Brief
In the records below, find the line containing "112 steps handheld calculators with Rubber" and print it and every line after it exactly, through the end. Skip pictures.

Collection entries:
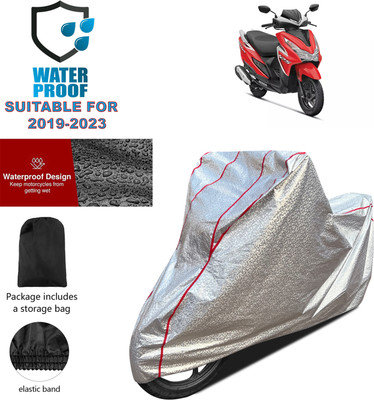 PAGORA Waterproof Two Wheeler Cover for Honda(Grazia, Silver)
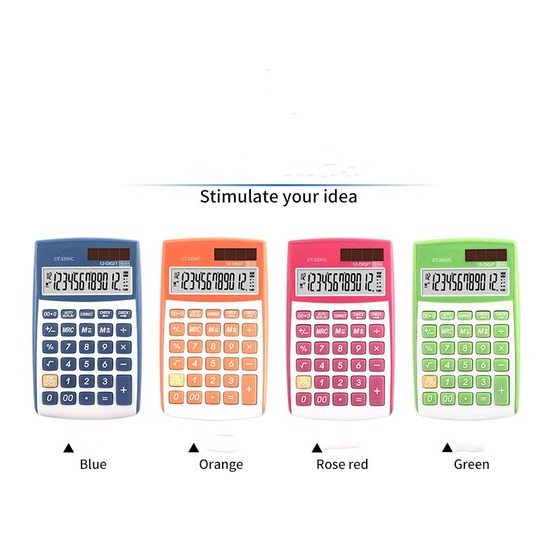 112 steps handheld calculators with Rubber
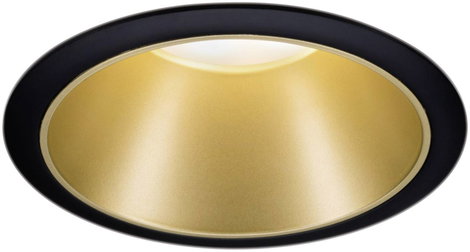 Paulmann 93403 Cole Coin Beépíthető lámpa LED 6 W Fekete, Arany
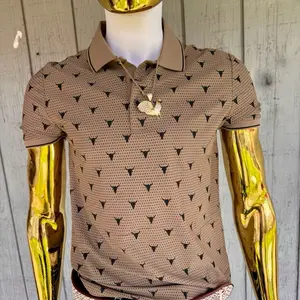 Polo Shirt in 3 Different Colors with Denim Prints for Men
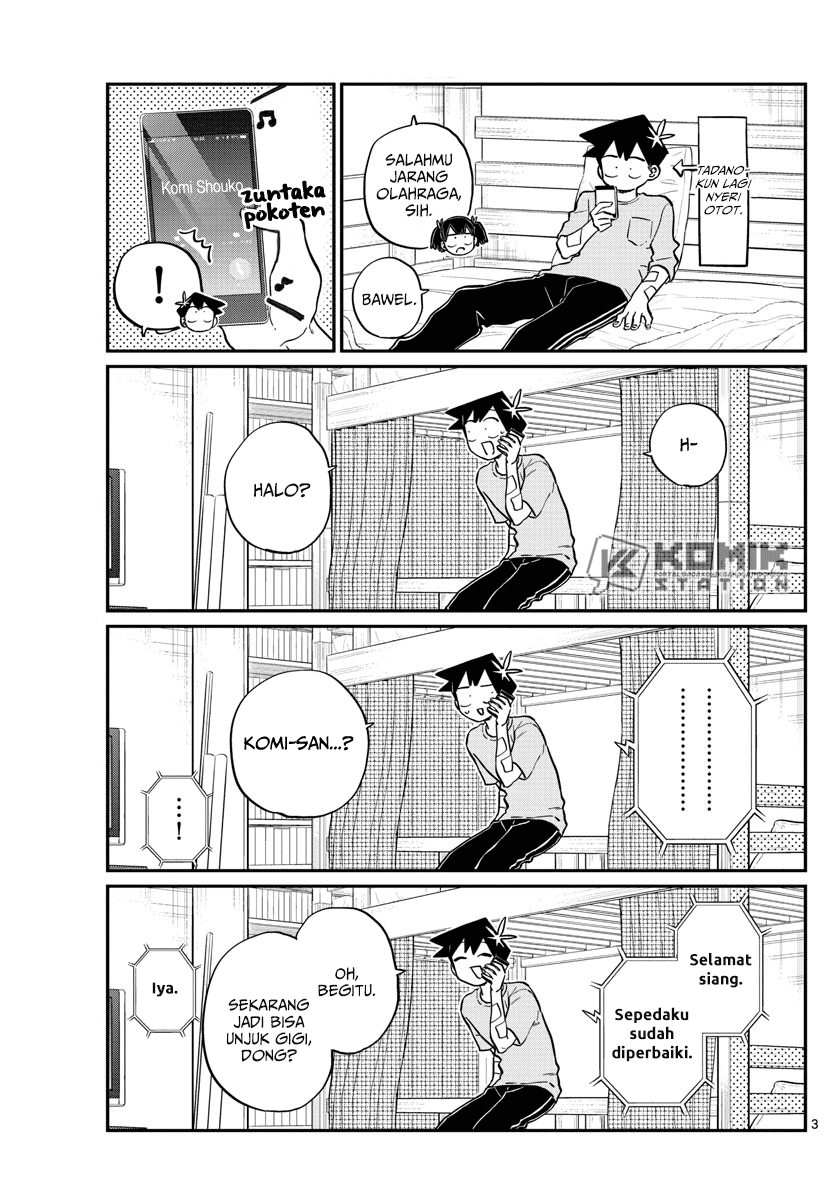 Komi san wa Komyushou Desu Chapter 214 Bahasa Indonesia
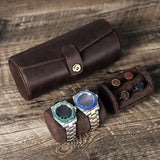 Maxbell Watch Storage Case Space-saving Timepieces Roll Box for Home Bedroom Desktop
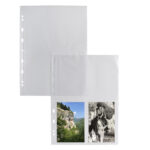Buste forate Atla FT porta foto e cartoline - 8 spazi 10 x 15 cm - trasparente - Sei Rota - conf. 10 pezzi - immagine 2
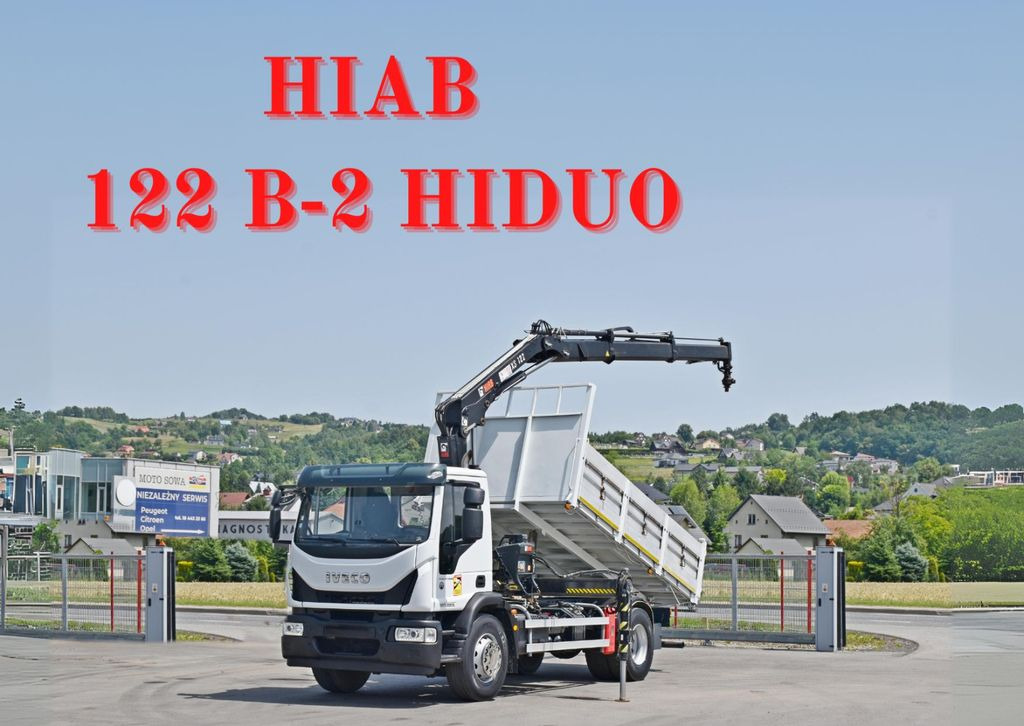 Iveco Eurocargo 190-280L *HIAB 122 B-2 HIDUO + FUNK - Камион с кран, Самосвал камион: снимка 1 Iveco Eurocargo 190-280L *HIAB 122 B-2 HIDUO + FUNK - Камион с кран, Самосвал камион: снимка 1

Task solution
 112 steps handheld calculators with Rubber
 Paulmann 93403 Cole Coin Beépíthető lámpa LED 6 W Fekete, Arany
 Polo Shirt in 3 Different Colors with Denim Prints for Men
 Komi san wa Komyushou Desu Chapter 214 Bahasa Indonesia
 Maxbell Watch Storage Case Space-saving Timepieces Roll Box for Home Bedroom Desktop
Buste forate Atla FT porta foto e cartoline - 8 spazi 10 x 15 cm - trasparente - Sei Rota - conf. 10 pezzi - immagine 2
 Iveco Eurocargo 190-280L *HIAB 122 B-2 HIDUO + FUNK - Камион с кран, Самосвал камион: снимка 1 Iveco Eurocargo 190-280L *HIAB 122 B-2 HIDUO + FUNK - Камион с кран, Самосвал камион: снимка 1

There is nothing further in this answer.